DATASET ENTRIES:
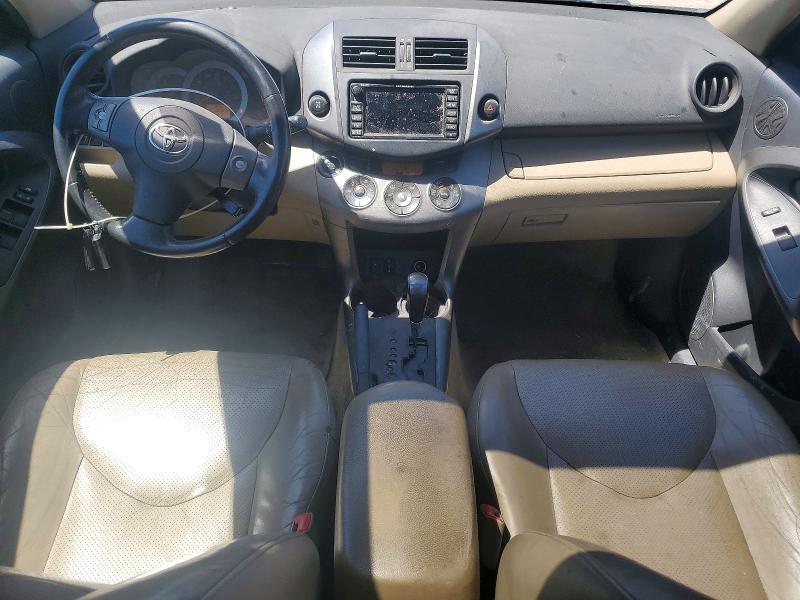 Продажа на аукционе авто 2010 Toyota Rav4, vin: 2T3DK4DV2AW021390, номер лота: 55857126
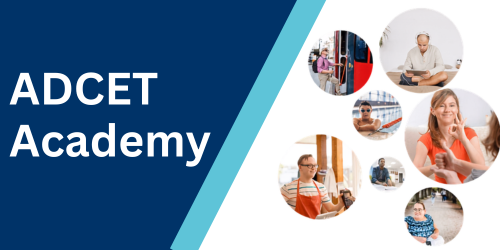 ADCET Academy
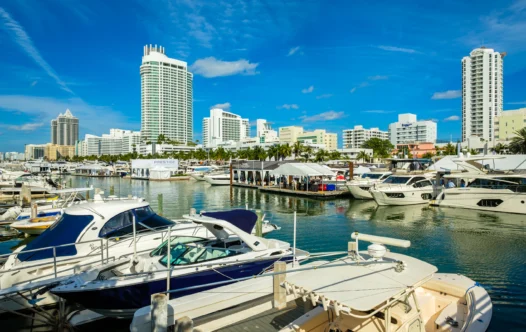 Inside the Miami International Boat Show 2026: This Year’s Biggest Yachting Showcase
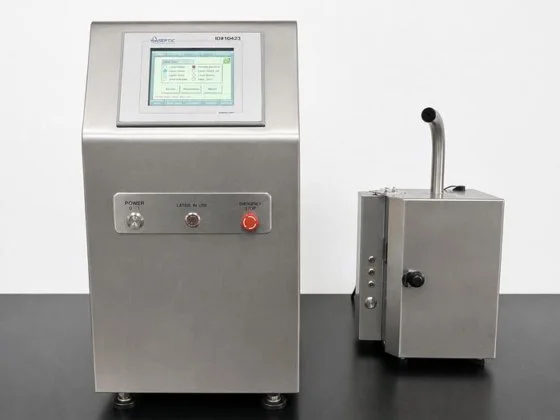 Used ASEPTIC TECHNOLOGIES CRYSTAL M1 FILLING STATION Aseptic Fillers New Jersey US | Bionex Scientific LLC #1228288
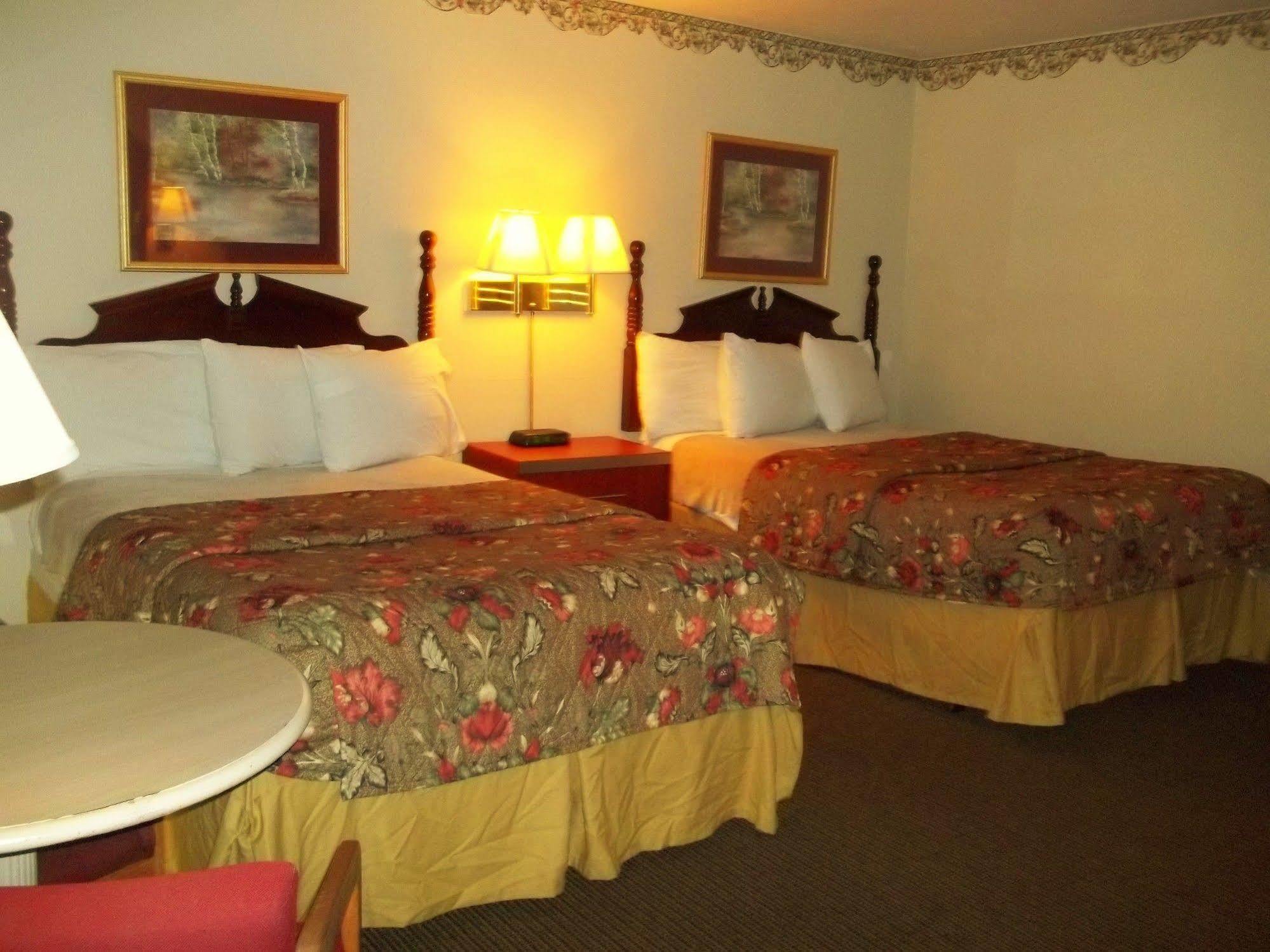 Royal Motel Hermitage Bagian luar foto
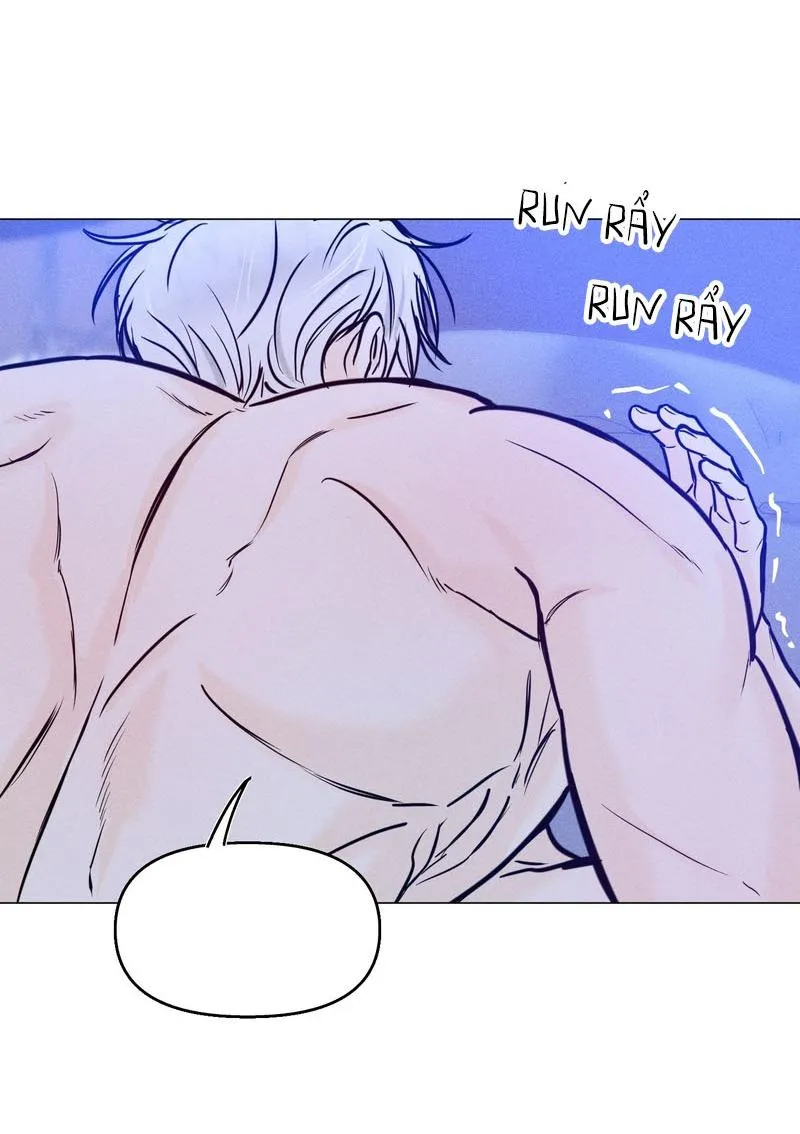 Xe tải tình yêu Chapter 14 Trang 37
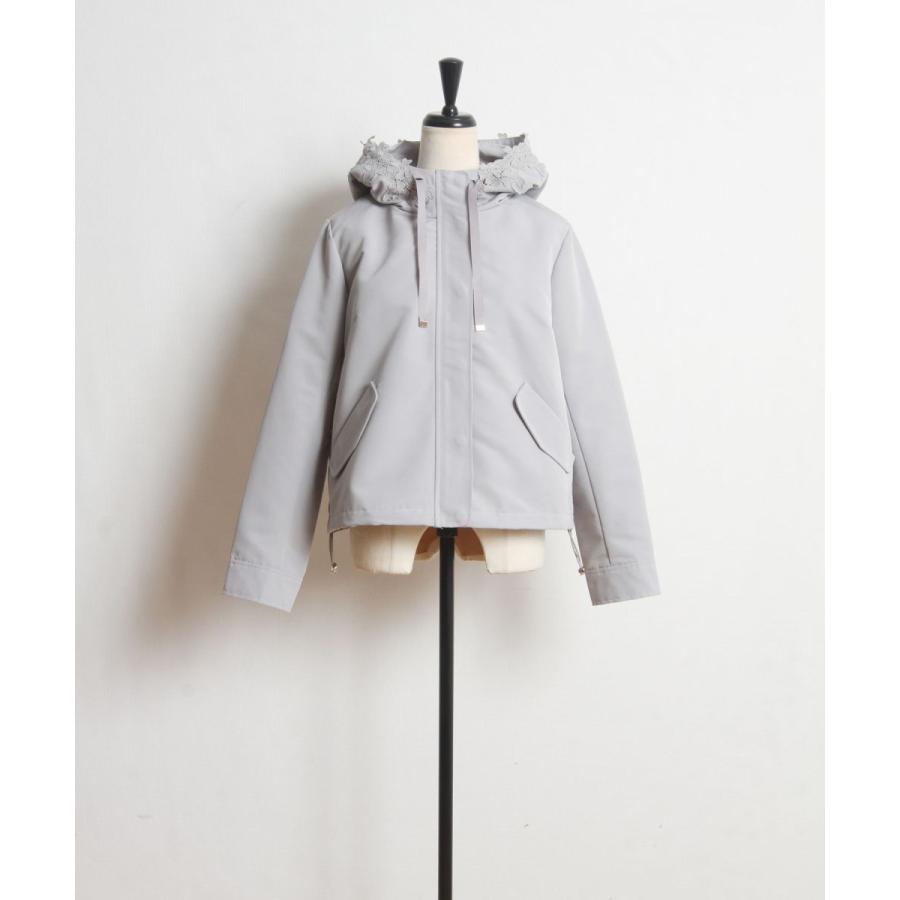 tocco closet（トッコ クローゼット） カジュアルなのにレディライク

WORK ITEM: No pictures should appear in the copy. Print exactly the lines above from the line containing "Inside the Miami" through the last line of the data.

ANSWER TO THIS TASK:
 Inside the Miami International Boat Show 2026: This Year’s Biggest Yachting Showcase
 Used ASEPTIC TECHNOLOGIES CRYSTAL M1 FILLING STATION Aseptic Fillers New Jersey US | Bionex Scientific LLC #1228288
 Royal Motel Hermitage Bagian luar foto
 Xe tải tình yêu Chapter 14 Trang 37
 tocco closet（トッコ クローゼット） カジュアルなのにレディライク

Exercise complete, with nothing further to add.